Use the old peak tracking algorithm in streaming data processing¶
The package also offers the infrastructure for the streaming data processing old way, where the peaks are tracked on each image in the series of the exposures and the peaks will be linked in the final. The crystal maps are generated by filling the peak intensity in the zero background.
Here, we show an example to process the streaming data. The streaming
data is obtained from the database and we will use databroker
as the
interface to the database. In real use cases, the data will be from the
RunEngine
.
Take a look at the raw data¶
First, we take a look at what our data is like. This is a grid scan on a crystal rod. At each pixel in the grid, there are multiple frames of diffraction images.
uid = UID["uid"][0]
run = DB[uid]
dask_array = run.xarray_dask()
dask_array.attrs = dict(run.start)
Here, we plot the spatial distribution of the total intensity. The upper part of the rod is made up by multiple crystalline domains while the lower part is full of powder.
stats1 = reshape(dask_array, "dexela_stats1_total")
plot_real_aspect(stats1);
We select a image taken at the empty space. The image only contains dark current and air scattering. We will use this to subtract all other images in this scan.
image = dask_array["dexela_image"][4523].compute().mean(axis=0)
plot_real_aspect(image);
Use callbacks to process the event stream¶
Here, we use the callbacks to process the data in a stream. The frames
will be first go into the ImageProcessor
. The frames will be
averaged and subtracted by the subtrahend
. Because diffraction image
is non-negative, the negative pixels will be filled with zero. Then, the
results will be sent to PeakTracker
. It will find the Bragg peaks on
the images and output each peak as a single event. The data will be
dumped to DB2
. During this process, TrackLinker
will monitor the
events. If all peaks have been found in all images, it will start
linking the peaks and output where the same Bragg peak is on a series of
images. The results will also be recorded in the database.
The argument dexela_image
is the name of the data key of the data in
the event stream. diameter=15, percentile=80, separation=100
are the
key words for the trackpy.locate
. search_range=50
is the key
word for the trackpy.link
. Please see the documents of
trackpy for
more information.
Here, the BestEffortCallback
is used to print out the status of
ImageProcessor
. It is optional and does nothing to the data.

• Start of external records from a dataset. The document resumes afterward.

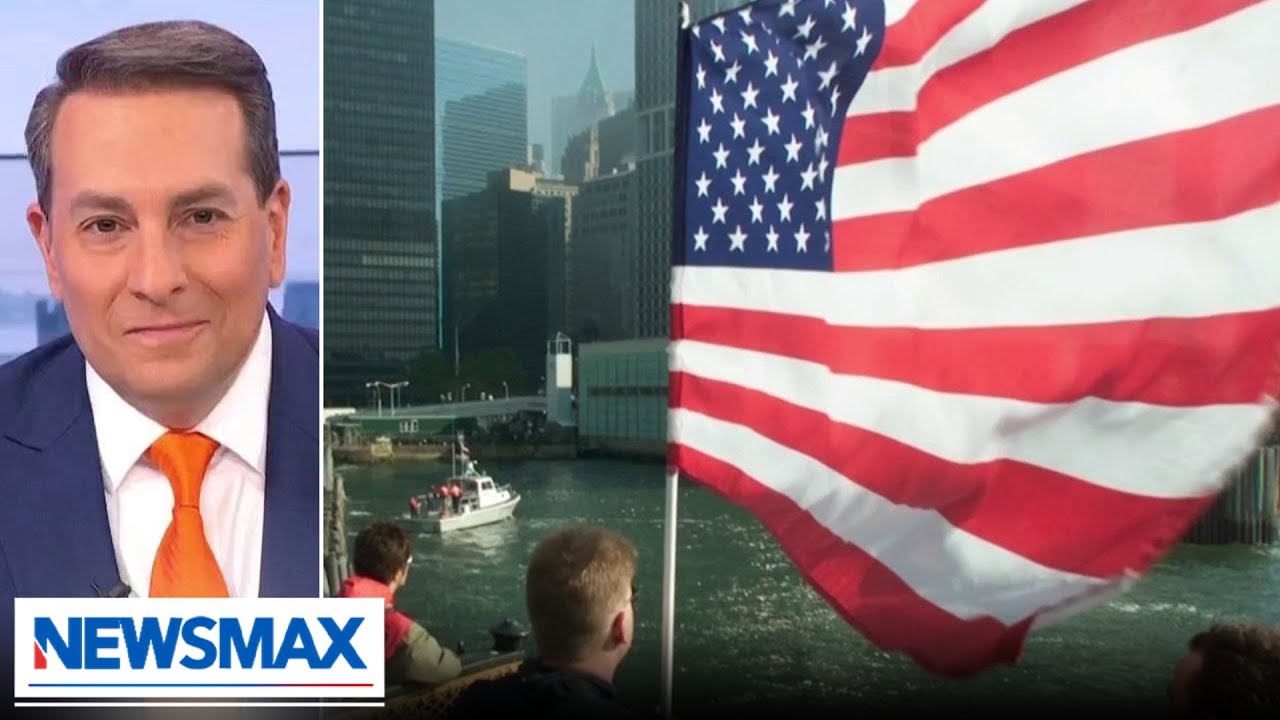 America is off to a strong start in the New Year: Tom Basile | America Right Now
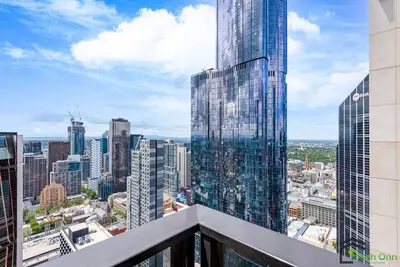 Image de Pleasant Terrace 3br2ba+City view+Big Balcony Pool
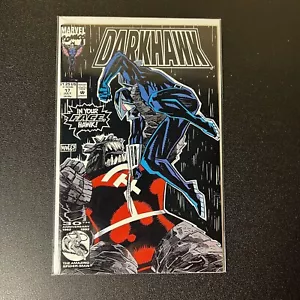 Darkhawk #17 1992 fumetto Marvel - Foto 1 di 1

ip = ImageProcessor("dexela_image", subtrahend=image)
pt = PeakTracker("dexela_image", diameter=15, percentile=80, separation=100)
tl = TrackLinker(db=DB2, search_range=50)
bec = BestEffortCallback()
bec.disable_plots()
tl.subscribe(DB2.insert)
pt.subscribe(tl)
pt.subscribe(DB2.insert)
ip.subscribe(pt)
ip.subscribe(bec);
We pipe the data from our database to this callback function.
with Filler(
handler_registry=dict(DB.reg.handler_reg),
inplace=True,
root_map=DB.reg.root_map
) as filler:
for name, doc in run.documents(fill=False):
filler(name, doc)
ip(name, doc)
Use servers to process the real time event stream¶
We are basically replaying the data processing procedure in the last section. In this section, we will learn how the data is processed at the beamline in “real time”. We need to setup a server that wraps the callback function in last section. An example script is show here.
!cat server.py
import numpy as np
from databroker import Broker
from bluesky.callbacks.best_effort import BestEffortCallback
from crystalmapping.callbacks import ImageProcessor, PeakTrackor, TrackLinker
from bluesky.callbacks.zmq import RemoteDispatcher
# load the image to use
image = np.load("./data/PARAMID-2_background_1.npy", allow_pickle=True)
# create a remote dispatcher to receive the dispatch the data
rd = RemoteDispatcher(address=("localhost", 5568), prefix=b'raw')
# create the callback
ip = ImageProcessor("dexela_image", subtrahend=image)
pt = PeakTracker("dexela_image", diameter=15, percentile=80, separation=100)
tl = TrackLinker(db=DB2, search_range=50)
bec = BestEffortCallback()
bec.disable_plots()
tl.subscribe(DB2.insert)
pt.subscribe(tl)
pt.subscribe(DB2.insert)
ip.subscribe(pt)
ip.subscribe(bec)
# subscribe the callback to the dispatcher
rd.subscribe(ip)
# start the server
if __name__ == "__main__":
print("Start the server ...")
rd.start()
To start the server, we will run:
python server.py
Then, this server will receive the data from “localhost:5568” with prefix “raw” and process the data using the callback defined in the script.
Pipe the data into the database¶
We can also publish the data in the database to the server using
Publisher
. Here, we show an example to publish our data to
“localhost:5567”. The server will process the data just like it is from
the beamline devices.
pub = Publisher("localhost", 5567)
with Filler(
handler_registry=dict(DB.reg.handler_reg),
inplace=True,
root_map=DB.reg.root_map
) as filler:
for name, doc in run.documents(fill=False):
filler(name, doc)
pub(name, doc)